Five Foot Two Review- Gaga Lifts Poker Face. Monsters & Spoonies Unite
Five Foot Two is not a documentary about fibromyalgia. It’s about Stefani Germanotta, Empress and Artist – who lives with fibro. All hail the queen.
It seems like everybody’s talking about mother lately.
It’s not just me who noticed, right? She’s hit the papers plenty of times before, but this feels different. Maybe it is just me, seeing countless articles about it all through my vast following of assorted chronic illness media forms. That said, even my own (non-monster) mother rang me last week to say “did ya hear that Lady Thingy has that fibro-my-gal-ee-aaahh?” Thanks Ma, yes I did.
Because that’s what I’m talking about, of course. Lady Gaga recently told the world that she has fibromyalgia, in the same week that she released her intimate documentary Five Foot Two.
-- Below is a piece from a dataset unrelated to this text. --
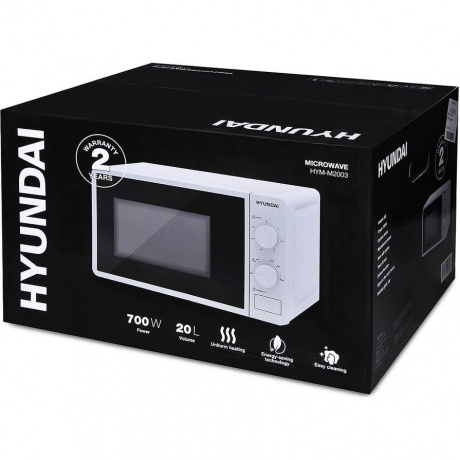 Микроволновая печь Hyundai HYM-M2003 - фото 10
Trailer for Five Foot Two, available on Netflix
Potential triggers in Five Foot Two: Drug use/injectables/smoking, moderate nudity, medical procedures, flashing lights, reference to depression and panic attacks, cancer, death, Lupus old-school treatment descriptions, drowning, claustrophobia, crowd phobia
Now, before you read any further, you need to understand – I am a little monster. I’m a BIG little monster. I adore Gaga. I’ve been following her career for years, from that first iconic, heart-stopping ascendance from the swimming pool in Poker Face, right up til Joanne (which I will defend FOREVER, it’s a gorgeous album.) I was fortunate enough to be able to go and see her perform in 2010, when I was pregnant. My baby’s dad witnessed Bowie in utero – his son got his protégé!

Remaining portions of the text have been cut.